Earth as a philosophical concept Edit
Earth in the philosophical sense is the focal point of men's desire, a place where peace and harmony are reigning and no harm occurs. Another term for this place is "Paradise".
Earth in movies Edit
Planet Earth movie trilogy Edit
End of 202 AP, the science fiction thriller "Planet Earth, Part I", the first in a planned trilogy tracing the epic history of a fictional world called "Earth", hit the theaters. According to producer Nik Harmonn, who also wrote the scripts for all three movies, "Earth is a kind of mirror of our own world here in Vexillium. These 'Earthlings', as I call them, are just like us, with the same emotions, foibles, and destructive tendencies as we have here."
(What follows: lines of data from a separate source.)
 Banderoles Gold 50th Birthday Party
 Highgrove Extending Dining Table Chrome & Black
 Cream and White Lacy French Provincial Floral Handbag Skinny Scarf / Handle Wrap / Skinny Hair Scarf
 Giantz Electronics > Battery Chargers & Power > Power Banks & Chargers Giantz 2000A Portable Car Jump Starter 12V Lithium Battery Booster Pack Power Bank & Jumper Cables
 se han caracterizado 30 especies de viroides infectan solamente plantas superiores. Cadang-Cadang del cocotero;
"Planet Earth, Part I" was directed by Western Zartania's Henry Bordeleau, and features a stunning cast of both big-name regulars and newcomers to the big screen, with Westria's Felix Hacker, Utania's Brian Meadows, and Eastern Zartania's Helen Falish playing leading roles.
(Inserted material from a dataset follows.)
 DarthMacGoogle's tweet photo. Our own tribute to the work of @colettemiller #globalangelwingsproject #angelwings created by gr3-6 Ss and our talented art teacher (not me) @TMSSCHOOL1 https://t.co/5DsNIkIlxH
This part I features a storyline involving love and betrayal during a catastrophic world war on the fictional world of Earth that leads to the development of horrible weapons capable of destroying the planet while the three protagonists are trying to stop a madman from destroying the world and everyone on it.
The movie has been banned by Fenizic minister of culture, however, because of too big an amount of sex and crime, blood, roughness and violence, outlawishness and infringement. The world shown in the movie was not one man could live in, it was too absurd, and thus too much burdening the souls of the spectators.
In February 305, the studio Wolff Motion Pictures has begun filming on the movie "Planet Earth, Part II" which was completed end of the year.
Director was Jorg Massil, with his well-known dark and foreboding style. Henry Bordelaeu, who directed the first movie, was executive producer.
This second movie picked up where the first one ended, as megalomaniac dictator Sodar Hussny (Felix Hacker) continued plotting to rain death and destruction over the world. A dark new aspect had been added to the mix with the terrorist mastermind Osa Ben Ladel (played by Kunn Federon actor Jasper Klintau), who allies himself with Hussny. Brian Meadows continued his award-winning role. Helen Falish's character had been promoted and reassigned since the first movie, the female lead this time was Albionish actress Maria Elisabet Carder, who played the mysterious Anna Rand.
Part III of the trilogy has not yet been undertaken.
The Century Match Edit
While the Vex is waiting for Planet Earth III, a revival of the topic was broadcast via some satellite over central Longerath: The Century Match.
The story: A big soccer match is played in a continental tournament called European Cup on the meanwhile famous fictional planet Earth where it takes place in two neutral countries simultaneously (called Austria and Svizzera). It is between the two countries Germania and Turkia, which are not friendly with each other. Turkia sends workers to Germania and wants to join the commonwealth of the latter, but Germania dislikes both. The tension is about to discharge at the end of the match which therefore is looked upon as the match of the century. No matter how it ends, the big fight will evolve.
"The Century Match" was filmed in Phenixia and Feniz and in an Aethelnian soccer stadium, by a Fenizic-Phenixian-Aethelnian team with an international, though second-class, cast.